Zo krijgt hij heel wat te incasseren waardoor zijn ego een flinke deuk krijgt! De zeer hoog aangeschreven generaal met al zijn macht, eer en roem had al naar het kleinere Israël moeten afreizen. En dan nu nog eens afdalen naar de kleine rivier de Jordaan, zich uitkleden (in het bijzijn van zijn dienaren) en er zich in onderdompelen in opdracht van een voor hem onbekende Israëliet? Wat een affront voor een man van zijn allooi! Zijn emotionele reacties van boos worden (qātsar) en van razernij (chēmāh) zijn dan ook best te begrijpen (11-12). En toch doet hij het, omdat … hij de wanhoop nabij is? Hij had toch alles al geprobeerd om te genezen? Hij was toch al zover gereisd? Naäman kan er echt niet bij dat deze profeet zijn God JHWH niet bij zijn naam aanroept, noch zijn genezende hand over de zieke plek beweegt. Volgens Malbim moet hij eruit leren dat hij de instructies van de profeet moet opvolgen zonder enig fysisch contact. De generaal vat dit dan ook op als een verregaande vernedering – een gebrek aan respect voor zijn positie (Abarnel) – en bovendien moet hij nog eens zo’n 35 km reizen om zich in de (modderige) Jordaan te gaan baden. Naäman vraagt zich zelfs af waarom hij hem helemaal naar zijn huis in Samaria heeft laten komen (Malbim). Als Elisa hem dan toch vanop een afstand van zijn ziekte kan genezen, dan had hij zich toch in de machtige rivieren Abana of Parpar – die Damascus en zijn omgeving van leven voorzien (Sweeney 300) – kunnen onderdompelen. Bovendien wast hij zich toch dagelijks in die rivieren (Rabbi Redak [1160-1235] geciteerd door Rabbi Ralbag [1288-1344]). Zijn emotionele reageren wordt opgevangen door zijn dienaren, die hem met veel eerbied met ‘mijn vader’ aanspreken en hem ervan overtuigen dat hij het toch gewoon kan proberen (13). Dat zij hun halsstarrige en arrogante meester durven tegen te spreken zou te maken hebben met hun loyaliteit aan hem en dat zij hem wilden behoeden zijn eigen vijand te worden (Sherman 269).

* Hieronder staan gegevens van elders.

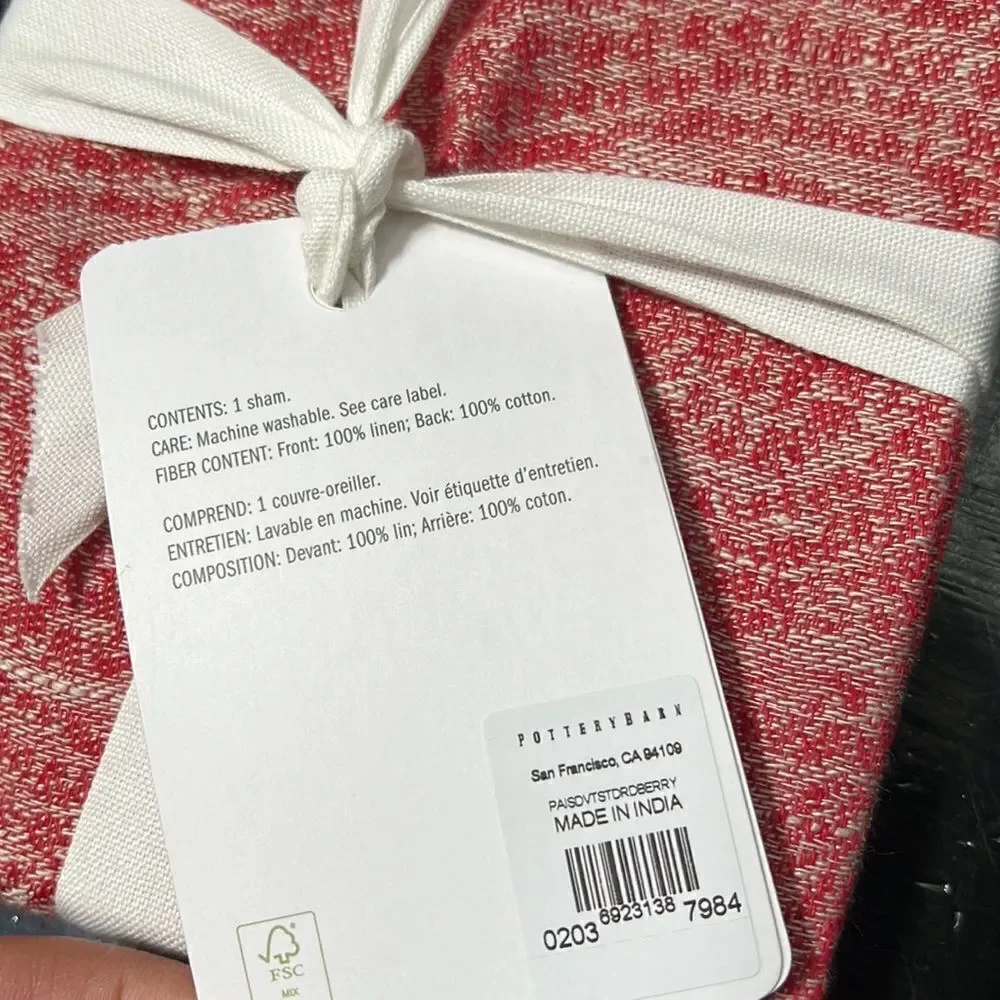 Pottery Barn Paisley Jacquard Belgian Linen Sham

Dan toch maar baden in de Jordaan

De vertelling heeft hier zijn climax bereikt en de lezers vragen zich af of Naäman het nu gaat doen of niet. En met het afdalen in de rivier kantelt het verhaal. Samen met de aanwezigen en Naäman zelf houden zij de adem in bij elke onderdompeling, totdat hij uiteindelijk na de zevende onderdompeling genezen uit het water omhoogkomt! Weg boosheid en razernij …

In dit gedeelte van het verhaal volgen de werkwoorden driemaal baden of wassen (rāchats – 10,12,13), zich onderdompelen (1x thāval – 14) en schoon of rein zijn (4x thāhār – 10,12,13,14) en weer gezond zijn (2x sjūv bāsjār – 10,14) elkaar snel op. Deze erge ziekte blijkt dus grondig te moeten worden aangepakt en vereist van de Syriër een blind vertrouwen in het woord van de Godsman!De vijfmaal vermelde huidvraat moet zeven keer in het Jordaanwater worden ondergedompeld (10,14). Het getal zeven dient te worden opgevat als een uitdrukking van totaliteit en volkomenheid (Brongers 53), als een verwijzing naar het feit dat deze Syriër als het ware hoort bij Israëls zeven buurvolken (Deuteronomium 7:1) of zoals Rabbi Gershon Stern (1861–1936) meent als een hint van de profeet dat hij genezen zal als hij zich berouwt over zijn overtredingen van de zeven Noachitische geboden (Yalkut HaGershuni).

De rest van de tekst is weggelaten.